[[ TASK INPUTS open ]]

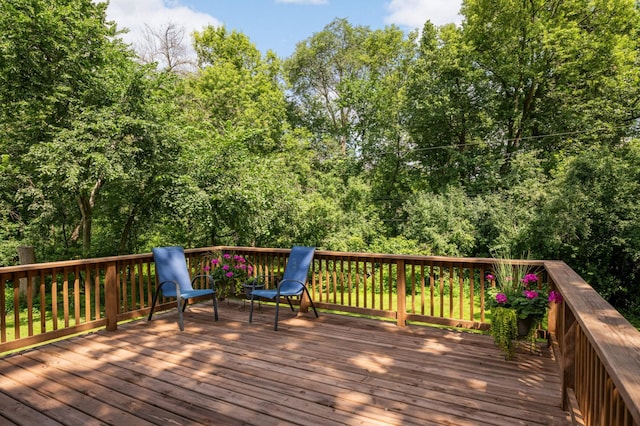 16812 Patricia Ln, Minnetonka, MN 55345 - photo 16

[[ TASK INPUTS closed ]]
[[ TASK INPUTS open ]]

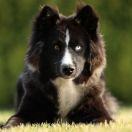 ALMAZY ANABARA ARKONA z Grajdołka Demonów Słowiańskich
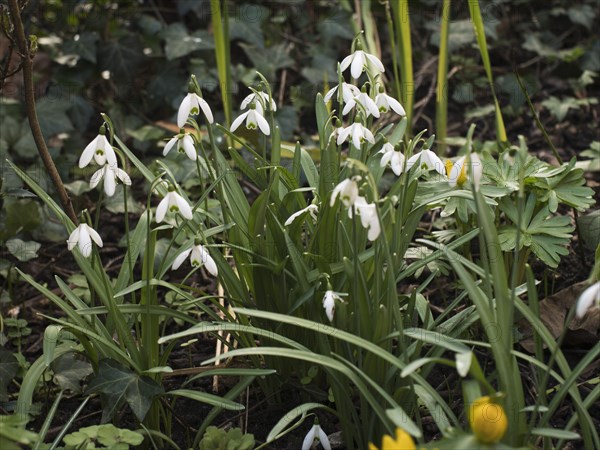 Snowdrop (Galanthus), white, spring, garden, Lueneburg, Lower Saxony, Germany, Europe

[[ TASK INPUTS closed ]]
[[ TASK INPUTS open ]]

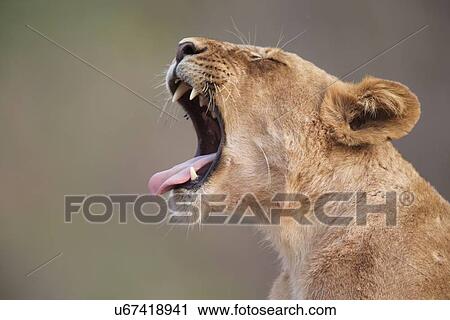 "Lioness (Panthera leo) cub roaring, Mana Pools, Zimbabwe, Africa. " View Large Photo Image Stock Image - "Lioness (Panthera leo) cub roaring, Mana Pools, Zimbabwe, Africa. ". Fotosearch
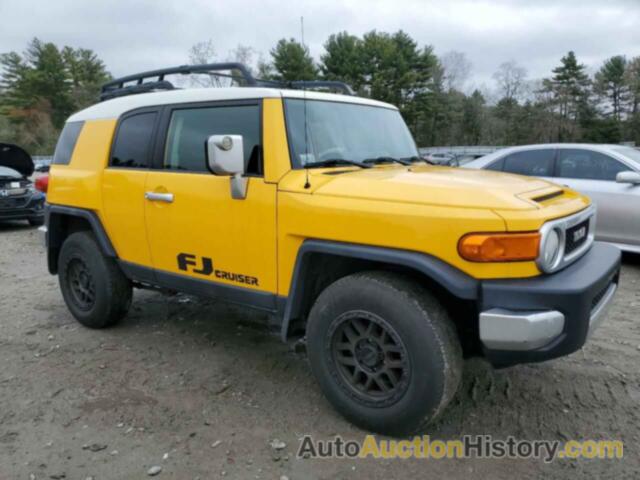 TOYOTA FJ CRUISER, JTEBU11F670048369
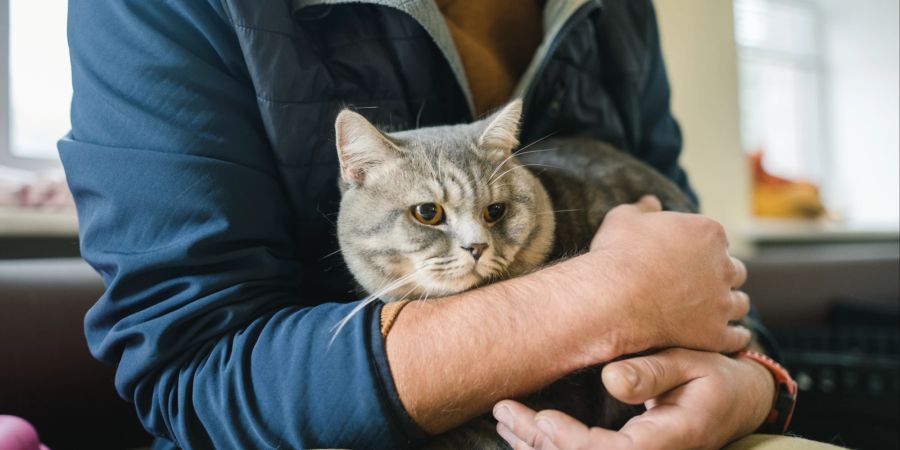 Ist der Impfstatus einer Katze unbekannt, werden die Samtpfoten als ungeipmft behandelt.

[[ TASK INPUTS closed ]]

In the listing above, find the line containing "TOYOTA FJ CRUISER, JTEBU11F670048369" and the line containing "Ist der Impfstatus". Reproduce those lines and all between them exactly, with no pictures and nothing more.

WRITTEN RESPONSE:
 TOYOTA FJ CRUISER, JTEBU11F670048369
 Ist der Impfstatus einer Katze unbekannt, werden die Samtpfoten als ungeipmft behandelt.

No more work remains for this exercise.